Data management is one of the most important skills we learn as researchers. Without it we are well and truly screwed and can spend days slogging through a mess of our own making or have to re-do experiments altogether. But other than training I have seen on either databasing programs or as a small section of course in Unix, where does training in good data management come from?
In my own experience data management was something learned on the job that became more complex as the amount and breadth of data grew. Often this was a gradual process that allowed for the trainee to scale up from a base and each person came up with a system that worked well for them. An obvious issue with this is that multiple systems in a lab can become problematic for data sharing, but as long as the final product is in a "sharable" format this is not a major problem in most circumstances.
In my field however, things have changed. Yes, my students no longer have to walk to work uphill both ways in the snow like I did and nothing costs a nickel anymore. Now, the sheer volume of data we produce for a project is enormous compared with the data I dealt with as a student, so the gradual building of a database is not so gradual these days.

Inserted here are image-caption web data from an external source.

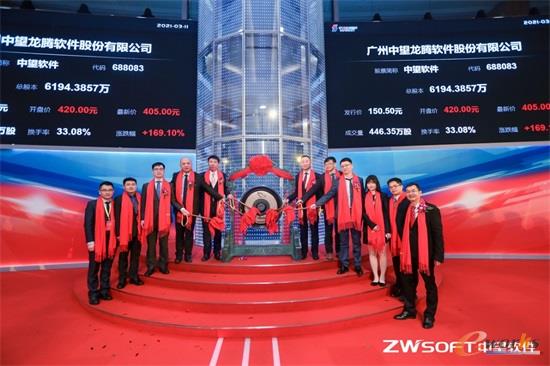 中望软件管理团队为中望软件科创板股票交易鸣锣开市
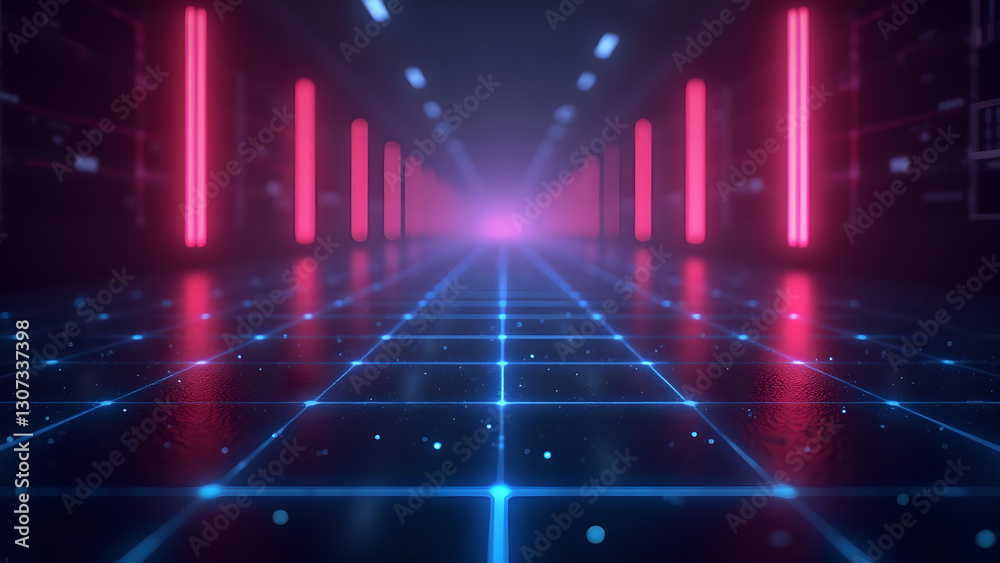 Neon Lit Grid, Futuristic Cyberpunk Aesthetics Neon Lit Grid, Futuristic Cyberpunk Aesthetics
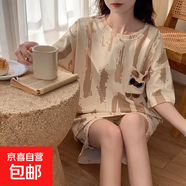 2025睡衣女夏天棉質(zhì)短袖短褲夏季薄款卡通少女生休閑家居服套裝 HZ33401 L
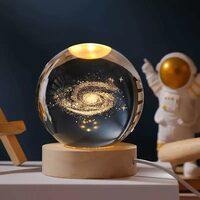 One94Store 3D Galaxy Crystal Ball Night Lamp (Galaxy)(Warm White)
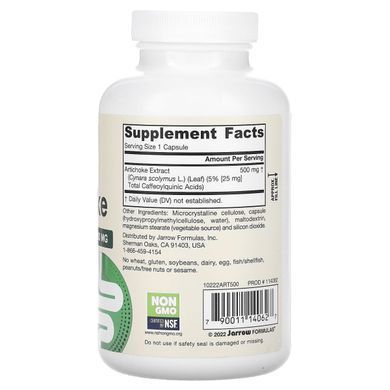 Артишок Jarrow Formulas (Artichoke) 500 мг 180 капсул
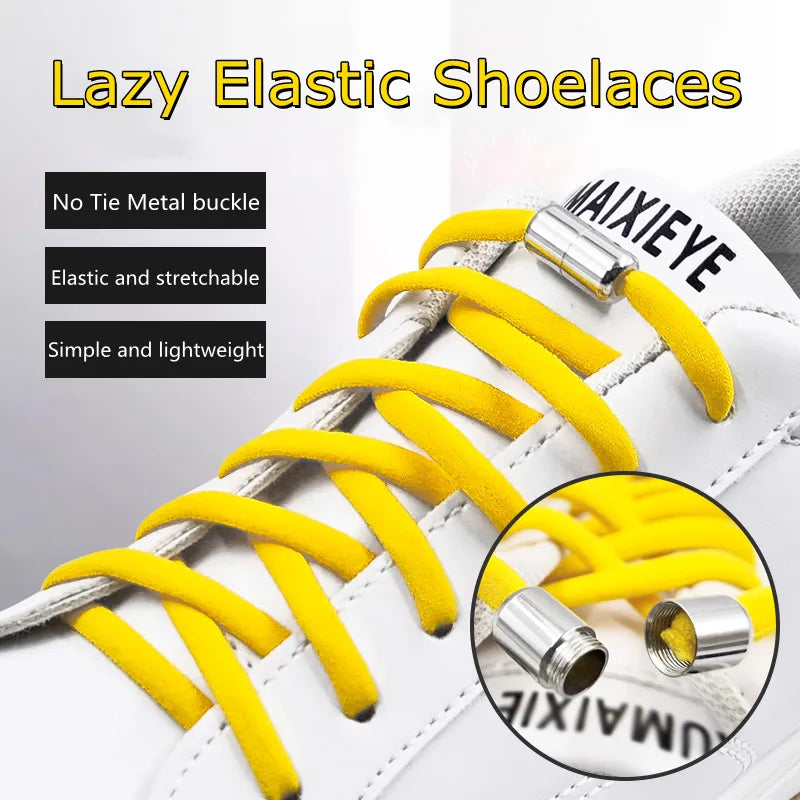 Elastic No Tie Shoelaces Semicircle Shoe Laces For Kids And Adult Sneakers Shoelace Quick Lazy Metal Lock Laces Shoe Strings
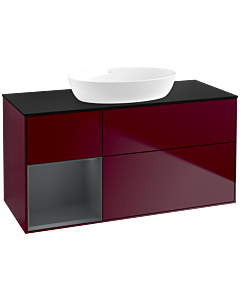 Villeroy und Boch Finion Waschtischunterschrank FA62HGHB 120cm, Abdeckplatte black matt, Regale Midnight matt lacquer, Peony Matt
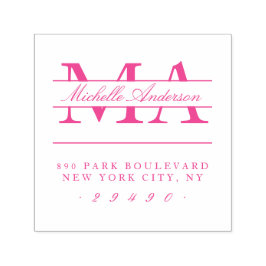 明るい赤紫色イニシャルと名前の書道差出人住所 セルフインキングスタンプ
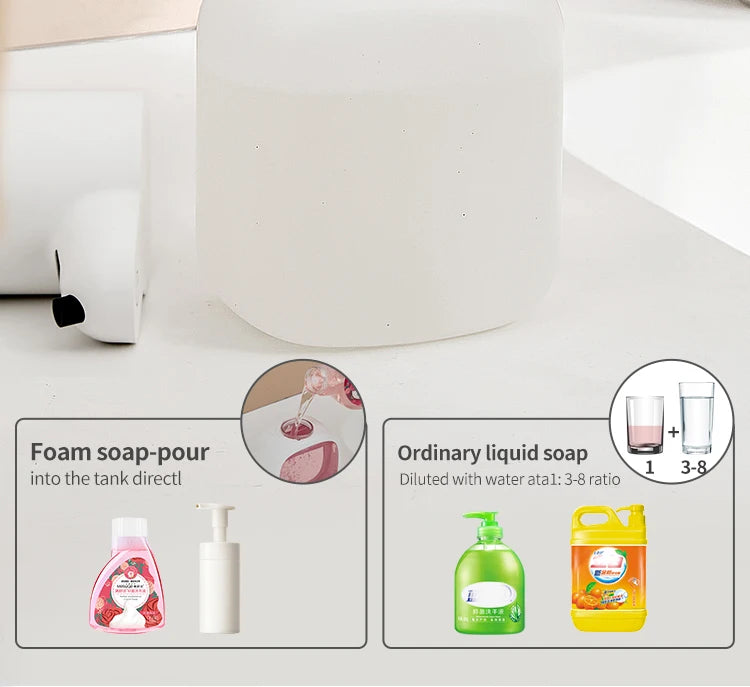 New Wall Mounted Automatic Soap Dispenser Foam Smart Hand Washing Machine 500ml Liquid Rechargeable Bathroom Induction Sensor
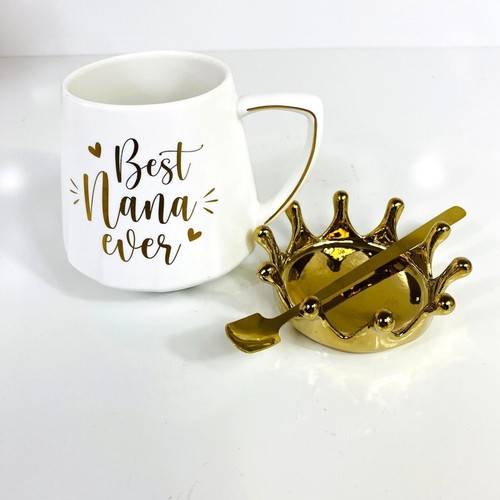 Best Nana Ever Coffee Mug Gold Crown & Spoon Gift Set By Mayicivo White/Gold New - Picture 2 of 5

Data management is more critical than ever, but it never occurred to me until recently that simply saying "Make sure you keep your datasets organized and well labeled." about 100 times isn't enough.
So, as part of my supervisory tasks in the coming year I'm going to start sitting down with all my students to go over their data management and ensure they have a good system in place. It may take me some time, but ultimately it'll save a lot of person-hours down the road.
I'm sure others have dealt with this in the past as either the teacher or the trainee. Any particularly effective strategies? I realize that the type of data matters, but I think it's worth discussing.